Stuart MacBride is the author of several
bestselling novels featuring DS Logan McRae including Shatter the Bones which reached no 1 on the Sunday Times Bestseller
list. The Logan McRae series has already sold over 1.1 million copies. MacBride
is a multiple-award winning author, whose profile is continuing to ascend. More
recently he undertook a literary crime tour for BBC Radio 4’s Open Book and he
continues to work with the forensic society researching his novels, and is
involved in all manner of speaking events in his native Scotland.
DM: Close to the Bone is first and
foremost a crime novel, yet the themes it engages with (occult rituals,
witch-hunters, and madness) draw heavily from horror. What influenced you to
write a book about a serial-killing witch hunter in contemporary Scotland?
SM: For me there’s very little difference between really good crime fiction
and really good horror. They both speak to a very primitive, deep-seated hollow
in the human psyche that we’ve been filling with stories since we first
gathered around the fire, at the back of the cave, trying to keep the darkness
out. I love a well-written horror novel just as much as I did when I was
eleven.
Close to the Bone came about in a fairly convoluted
manner. One strand came from a song I heard on the South Island of New Zealand,
driving a borrowed car in a blizzard. The other strand came from an alternative
history novel I’ve wanted to write for a long, long time, but have never
managed to find a slot big enough in my schedule to do. So I decided to combine
the two and have the book I’d like to write but haven’t being made into a film
in the book that I was going to write next. For years, in my head, the not-book
was going to be called Kirk and State,
but the more of it I wove into Close to
the Bone the more I wanted it to be like a proper real life book. I ran the
blurb and extracts past Jane Johnston – she was Tolkien’s editor during the
1980s and 1990s, as well as being the Publishing Director of Voyager, and a
damn fine writer in her own right – to make sure everything sounded as if it
had actually been published, rather than just made up to add a bit of colour to
another book. And part of that was running the title through the proper
channels. In the end Sales and Marketing agreed that Kirk and State was a dreadful title, so it became Witchfire instead. A lot of Close to the Bone came out of the
interaction between this unwritten book and the characters in the written one.
So really, I inherited the themes from a book that doesn’t exist yet.
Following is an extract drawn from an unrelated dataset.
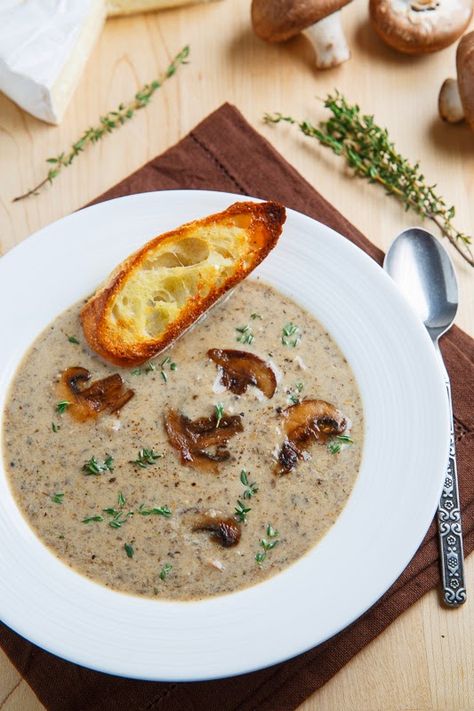 Roasted Mushroom and Brie Soup Mushroom And Brie, Brie Soup, Mushroom Broth, Mushroom Soup Recipes, Roasted Mushrooms, Soup And Stew, Soup And Sandwich, Veggie Dishes, Mushroom Soup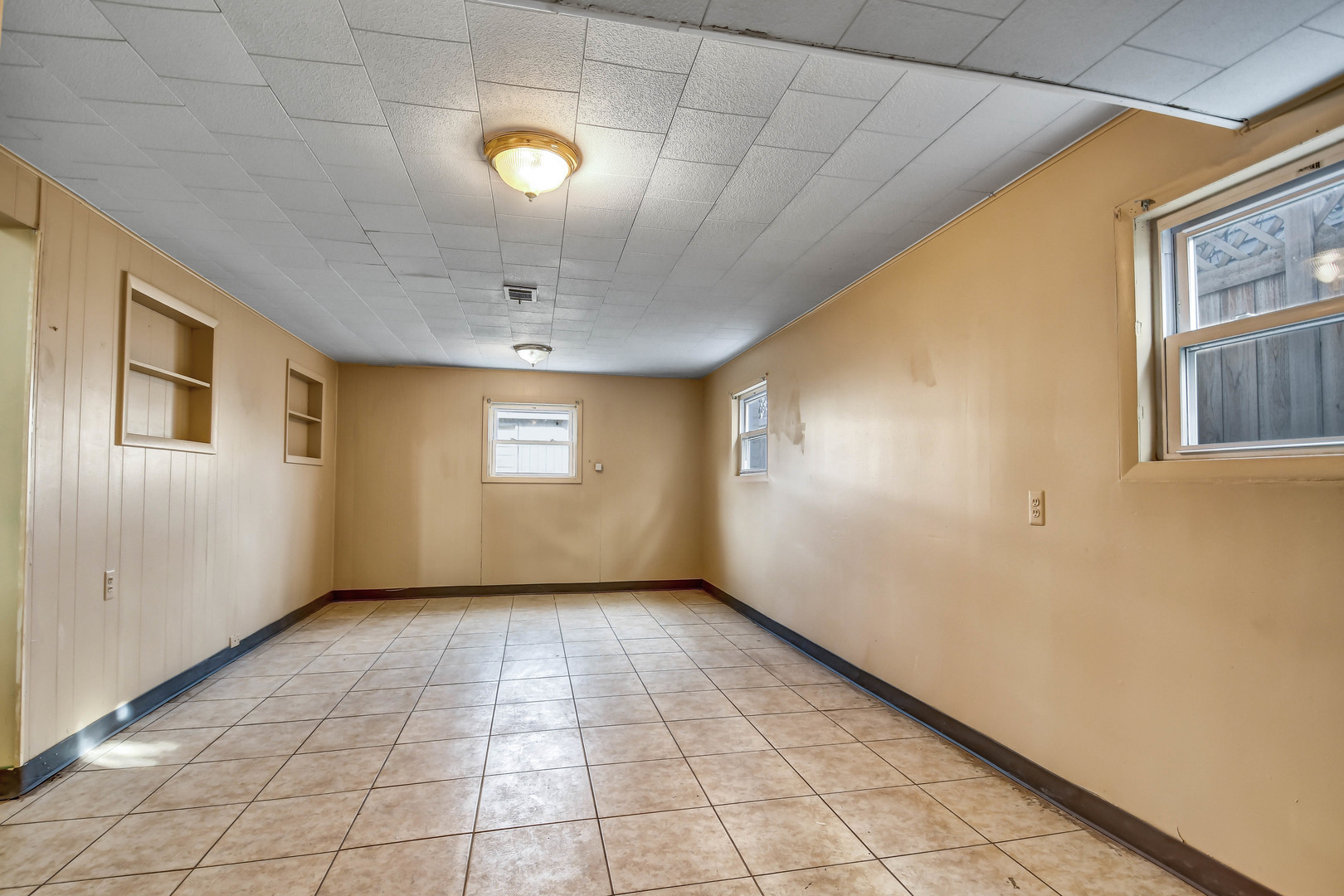 7754 S Mcvicker Avenue, Burbank, IL 60459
But I
still intend to write some day.
DM: The crimes in the novel are inspired by the fictional novel Witchfire and its filmic adaptation.
This struck me as a really interesting angle for a writer of ultra-dark,
violent noir to take. What's your own view of the relationship between fictional and
real violence?
SM: I genuinely don’t see my work as violent – I like to think that it’s
honest. I’m a big believer in show, don’t tell, and want to put the reader into
the point-of-view character’s head. I want them to see what he sees, experience
what he experiences. As such, I like to put it all on the page, instead of
telling the reader to look away when it gets to the uncomfortable bits. Because
I want those bit to be uncomfortable. If Logan’s investigating a child murder
then I want that on the page and I want it to be horrible. It should be
horrible, because that’s what murder is… Anyway, enough ranting, back to the actual
question: I don’t think there really is a relationship between fictional and
real violence. OK, so fiction borrows from reality, but that’s it. People who
commit violent crime don’t do it because they’ve read too many Val McDermid
books, or watched too much Tarantino, or played too much Grand Theft Auto, they do it because there’s something slightly
broken inside them that thinks beating the crap out of someone else is a good
idea.
Crime fiction is one of the most popular genres in
the UK, and it has been for generations. If fictionalised violence really did
turn people into crazed killers, the UK would be knee-deep in serial killers.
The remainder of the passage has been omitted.